Yes, everyone is comparing this to Quantam Leap but is that such a bad thing? The pilot made it feel a little less Highway to Heaven and more family dramatics and modern, and Kevin McKidd is a strong lead as the Journeyman. I've loved him since I first saw him in Bedroom and Hallways and loved the different characters he plays, despite the fact that he looks like he should always play the straight good man, which he finally does here.
I'm a bit of a sucker for these time travelling shows, and I like that sci-fi element is taken out of the equation in the pilot, and that it really focuses on Dan Vassar figuring out what the hell is going on, and how to fix his current life back home because of his journeys to the past. I'm not sure I like Gretchen Egolf as the wife but that might be on purpose since the pilot seems to set up Livia as the girl to root for, since she's seen only in a romantic notion in Dan's past.
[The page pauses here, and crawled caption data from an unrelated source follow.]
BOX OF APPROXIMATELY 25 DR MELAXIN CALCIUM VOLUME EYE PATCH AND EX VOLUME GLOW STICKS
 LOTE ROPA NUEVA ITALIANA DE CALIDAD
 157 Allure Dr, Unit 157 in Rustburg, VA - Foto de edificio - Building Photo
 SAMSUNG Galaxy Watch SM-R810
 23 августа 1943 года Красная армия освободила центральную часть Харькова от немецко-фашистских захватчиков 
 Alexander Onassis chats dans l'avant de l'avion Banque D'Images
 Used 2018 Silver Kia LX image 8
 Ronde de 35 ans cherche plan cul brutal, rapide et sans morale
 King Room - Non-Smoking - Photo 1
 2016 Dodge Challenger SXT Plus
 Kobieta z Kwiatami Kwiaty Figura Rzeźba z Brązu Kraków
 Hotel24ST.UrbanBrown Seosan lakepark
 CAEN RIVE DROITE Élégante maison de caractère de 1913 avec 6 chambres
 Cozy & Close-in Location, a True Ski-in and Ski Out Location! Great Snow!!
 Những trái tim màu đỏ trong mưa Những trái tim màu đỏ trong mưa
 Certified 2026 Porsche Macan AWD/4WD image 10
Solid pilot with yet another actor I've been rooting for for years (along with Zachary Levi in Chuck and Lee Pace in Pushing Daisies), and there's a nice set up to string these time travelling jumps together, and there's a nice family drama base to keep us caring about the characters between what could be a plodding "saving someone from the past"-of-the-week premise so typical of what we've come to expect of these types of shows. 3.5 stars (*** 1/2).
2 comments:
I saw the pilot via Comcast On Demand. I agree with your review. It feels like it could be a hit. Here's my one and only issue: the casting feels off to me. I didn't warm to either the wife or the former girlfriend. The cop brother seems like a good fit but why is he the older of the two? I'm not buying that. The actor who plays the son is just too adorable. The seasons between Kevin McKidd and the kid really pulled me in. The female casting was really my only major pet peeve. The rest of the show was great and I'll absolutely watch it.
Oops, meant 'scenes' not 'seasons'-my bad!